First, we will be examining HHS’s abject failure to competently manage the record number of unaccompanied minors in the care of the Office of Refugee Resettlement, abbreviated ORR. The HHS Inspector General’s office has done excellent work to shed light on this crisis.

Back in February, we held a hearing on the border in Texas, and as I said at the time, the Biden Administration’s policies are the root cause of the border crisis we are experiencing. This only adds to the inhumane conditions experienced by unaccompanied children once they enter ORR care.

The surge of unaccompanied children was an entirely foreseeable result of President Biden’s refusal to secure the border. While running for office, President Biden pledged to reduce deportations and end Title 42. This encouraged more migrants and the number of annual unaccompanied minors crossing the border during the Biden Administration grew to astronomical numbers.

From fiscal years 2018 through 2020, ORR averaged around 44,500 referrals per year. In fiscal year 2022, ORR received over 128,900 referrals, almost three times the recent historical average.

According to a report by CBS News, nearly 130,000 migrant children entered the U.S. government's shelter system in fiscal year 2022. These numbers are staggering and are a direct result of the Biden administration’s open border policies.

As the Inspector General has now documented across multiple reports, somehow HHS was caught unprepared for this surge despite it being the natural result of administration policies.

In a desperate attempt to increase capacity, ORR contracted with organizations with no relevant experience in safely caring for unaccompanied children. The result was child neglect and abuse. 

In an effort to quickly reduce the number of children in its care, ORR prioritized fast tracking the release of unaccompanied children to sponsors instead of taking the time and effort to thoroughly vet those sponsors. The result was putting children at increased risk of being trafficked and exploited. 

We’ve all seen the news articles about children working full time in slaughterhouses, or as roofers, or other dangerous and inappropriate professions.

In response to this crisis, HHS continues to keep the assembly line of unaccompanied children moving as fast as possible.

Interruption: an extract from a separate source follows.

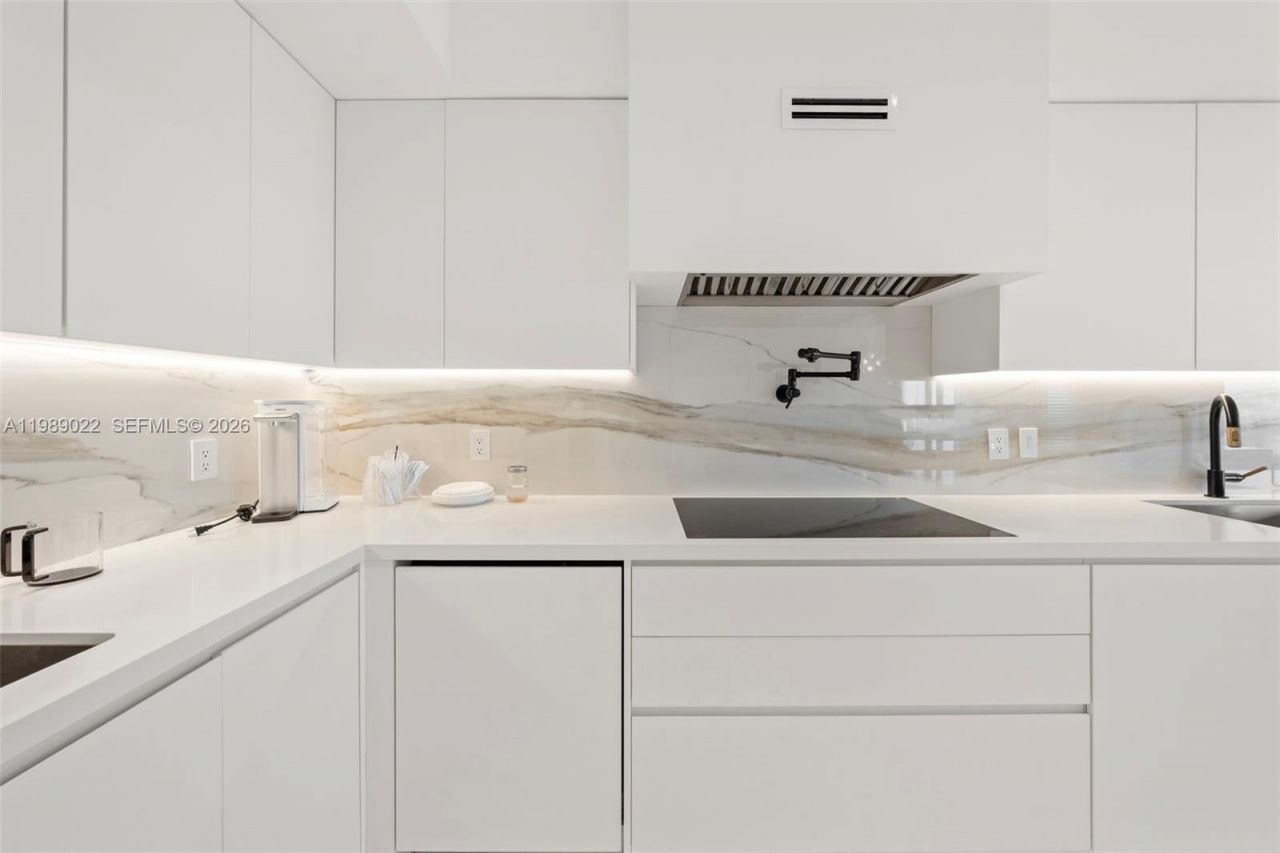 9999 Collins Ave , Unit 11J, Bal Harbour, FL 33154 Photo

When whistleblowers raise concerns about children having panic attacks, self-harming, or living in unsuitable conditions, they are retaliated against. Further, HHS denied media access to emergency intake shelters.

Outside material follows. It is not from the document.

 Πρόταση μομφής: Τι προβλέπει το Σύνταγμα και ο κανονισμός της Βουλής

The priority seems to keep this issue out of sight rather than child welfare. It’s unconscionable and I want to thank the OIG’s office for their work holding HHS accountable.

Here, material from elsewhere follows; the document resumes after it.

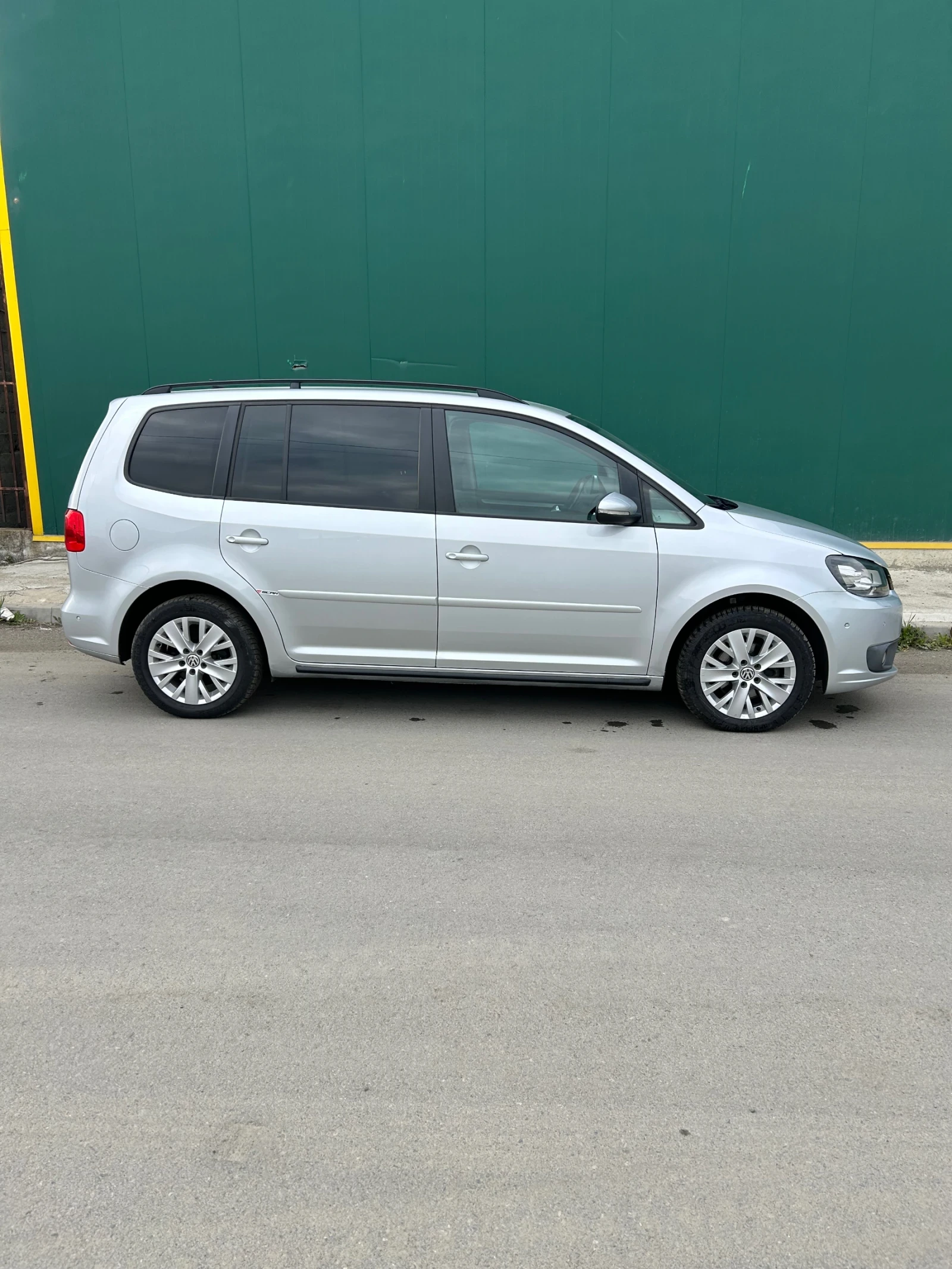 VW Touran 1.6 105, снимка 3 - Автомобили и джипове - 55830555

The second area of focus for our hearing is NIH grant management. There is an increasing body of evidence suggesting that NIH fails to conduct routine oversight of its grantees.

This failure extends to research done in foreign countries involving potential pandemic pathogens, those such as the now infamous grant to EcoHealth Alliance. The Inspector General’s audit found that NIH and EcoHealth Alliance failed to effectively monitor and document the activities of subgrantees, including the Wuhan Institute of Virology.

As a result of NIH’s failure to secure laboratory notebooks and other records, the U.S government has no adequate documentation of the coronavirus experiments conducted in Wuhan during the fall 2019. This is important because this is when COVID-19 arose!

In light of these oversight failures, it is incomprehensible to me that the NIH continues to fund EcoHealth Alliance. When they failed to secure the documents required by their contracts that would have given us a better picture of COVID origins.

The final goal is to hear from the Inspector General about their work on Medicaid and Medicare program integrity.

With the Public Health Emergency now officially over, returning Medicaid to its congressionally intended role as a safety net insurer of last resort is critical. Between fiscal year 2018 and fiscal year 2021, improper payments grew by over 138%.

From reviewing the Inspector General’s body of work on CMS oversight, it is clear that her office takes Medicare and Medicaid program integrity seriously. What is less clear to me is whether HHS and CMS are also committed to preventing fraud, waste, and abuse in these programs.